Let $X_t$ be the number of requests that are received during $t$-hour period. And let $P_k(t)$ be the probability that $k$ requests are received during a particular $t$-hour period.
\[
P_{k}(t)=e^{-\lambda}\cdot\frac{(\lambda)^k}{k!}=e^{-\alpha t}\cdot\frac{(\alpha t)^k}{k!},
\]
here $\alpha=4$.
(a) For $k=10$ and $t=2$. We have $\lambda=\alpha t=4\times 2=8$.
\[
P(X_2=10)=P_{10}(2)=e^{-8}\cdot\frac{8^{10}}{10!}\approx 0.099262
\]
Hence, the probability that exactly ten requests are received during a particular $2$-hour period is about 0.099262.
(b)
If the operators of the towing service take a $30$-min break for lunch, the event that they do not miss any calls for assistance is equivalent to the event that there are zero requests during a $0.5$-hour period.

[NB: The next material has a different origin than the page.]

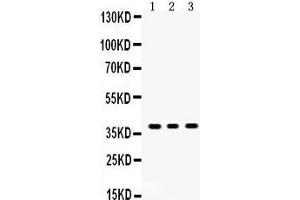 Anti- SIRT6Picoband antibody, Western blotting All lanes: Anti SIRT6  at 0. (SIRT6 anticorps  (AA 14-180))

That is, in this case,
$\lambda=\alpha\cdot t=4\times 0.5=2$.
Hence, the probability that they do not miss any calls for assistance is
\[
P_{0}(0.5)=e^{-\lambda}\cdot\frac{\lambda^0}{0!}=e^{-2}\cdot\frac{1}{1}=0.135335
\]
(c)
By proposition, the expected value of the number of requests during a $0.5$-hour period is $\mu=E(X_{0.5})=\lambda=2$.
That is, we expect 2 calls during for assistance their break.